Grüne Technologien unterscheiden sich beim Ressourcenverbrauch
Der promovierte Volkswirt fand heraus, dass grüne Technologien zwar einen besonderen Beitrag zur Nachhaltigkeit leisten. Allerdings unterscheiden sie sich beim Ressourcenverbrauch sehr stark. „Mit gut entwickelten Recycling-Technologien lassen sich wesentlich deutlicher und schneller Effekte erzielen“, erläutert der Wissenschaftler seine Ergebnisse. Nachholbedarf sieht er im Mobilitätssektor. Alternative Energieproduktions- oder grüne Transporttechnologien hätten den Ressourcenverbrauch bislang nicht messbar verringert, so Wendler. Zudem hätten gleiche Technologien nicht immer dieselbe Wirkung. „Sie sind keine ‚one-size-fits-all‘-Lösung “, so Wendler. Es sei wichtig, nationalen Unterschieden innerhalb der EU Rechnung zu tragen und länderspezifische Barrieren abzubauen.
„Tobias Wendler hat über den Tellerrand hinausgeschaut“
Jury-Mitglied Nike Fuchs vom Alfred Wegener-Institut Helmholtz-Zentrum für Polar- und Meeresforschung (AWI) lobt Tobias Wendlers Dissertation als einen „wichtigen Fingerzeig für eine nachhaltige Zukunft aus der Sicht eines engagierten Volkswirts“. Sie hebt nicht nur die aufwändige Datenanalyse der Arbeit, sondern auch die ganzheitliche Betrachtung der Nachhaltigkeitsproblematik hervor. „Wir sollten den Blick über die Betrachtung der CO2-Mengen hinaus richten, wenn es um die nachhaltige Zukunftsgestaltung geht. Hierzu gehört auch die Betrachtung der Ressourcenverbräuche und damit neben dem Klima- der Ressourcenschutz“, sagt sie. Wendler habe außerdem über den Tellerrand seines wirtschaftswissenschaftlichen Fachgebiets hinausgeschaut und sich mit gesellschaftlichen Fragestellungen beschäftigt.
Wendler: „Stets das große Ganze in den Blick nehmen“
„Der Preis ist eine tolle Bestätigung, dass auch die Wirtschafts- und Sozialwissenschaften konkrete Beiträge hin zur Nachhaltigkeit liefern können“, sagt Tobias Wendler. „Auf dem Weg zu einer nachhaltigen Entwicklung müssen wir nicht nur technologische Lösungen, sondern stets das große Ganze in den Blick nehmen.
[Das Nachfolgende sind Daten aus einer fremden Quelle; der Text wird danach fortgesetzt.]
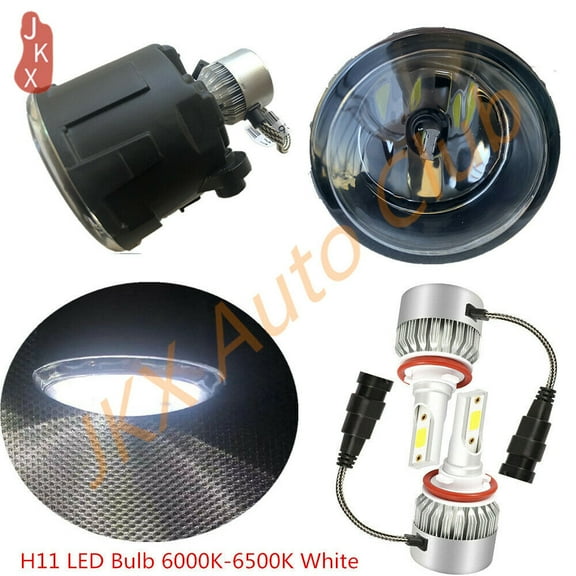 For Nissan Murano 2009-2012 Replacement Front LED Fog Lights Driving Lamps 2Pcs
Wir benötigen die Offenheit für einen Wandel, der tiefer gehen kann als nur kleinere Anpassungen in Produktions- und Konsumweisen. Anstatt einfacher Lösungen sollten wir stärker auf den gesellschaftlichen Sinn schauen und auf eine weniger von materiellen Belangen gesteuerte Gesellschaft hinarbeiten.“
Managementempfehlungen für die Krabben-Fischerei in Fidschi
Für seine Masterarbeit verbrachte Karl Schrader ein halbes Jahr im südpazifischen Inselstaat Fidschi. Er untersuchte, wie sich die Fischerei im Rewa Delta in der Nähe von Suva, der Hauptstadt von Fidschi auf Mangrovenkrabben auswirkte. „Ich wollte wissen, ob ein vergleichsweise hoher Fischereidruck zu Einbußen in Fangzahlen und der durchschnittlichen Fanggröße einzelner Krabben führte“, sagt der Student. Im Zuge der Studie wurden über drei Monate Krabben gefangen, bestimmt, gezählt, vermessen und danach wieder frei gelassen. Das Nummerieren einzelner Krabben stellte sicher, dass mögliche Ortswechsel der Individuen mit in die Auswertung einbezogen werden konnten.
Schrader konnte zeigen, dass lokale Unterschiede in der Fischereiintensität bei der wirtschaftlich wichtigsten Mangrovenkrabbe der Art Scylla serrata mit Unterschieden in der durchschnittlichen Größe der gefangenen Individuen einhergehen. Unterschiede in den Fangzahlen verändern sich, zumindest im Kontext des Untersuchungsgebietes, großräumiger und über längere Zeiträume, wie die lokalen Fischer berichten. Um die Bestände zu schützen, seien Maßnahmen wie eine strikte Einhaltung von Mindestfanggrößen notwendig. Des Weiteren müsse es Schonzeiten oder Tabuzonen geben, in denen die Fischerei von Mangrovenkrabben gänzlich eingestellt wird, folgerte Schrader.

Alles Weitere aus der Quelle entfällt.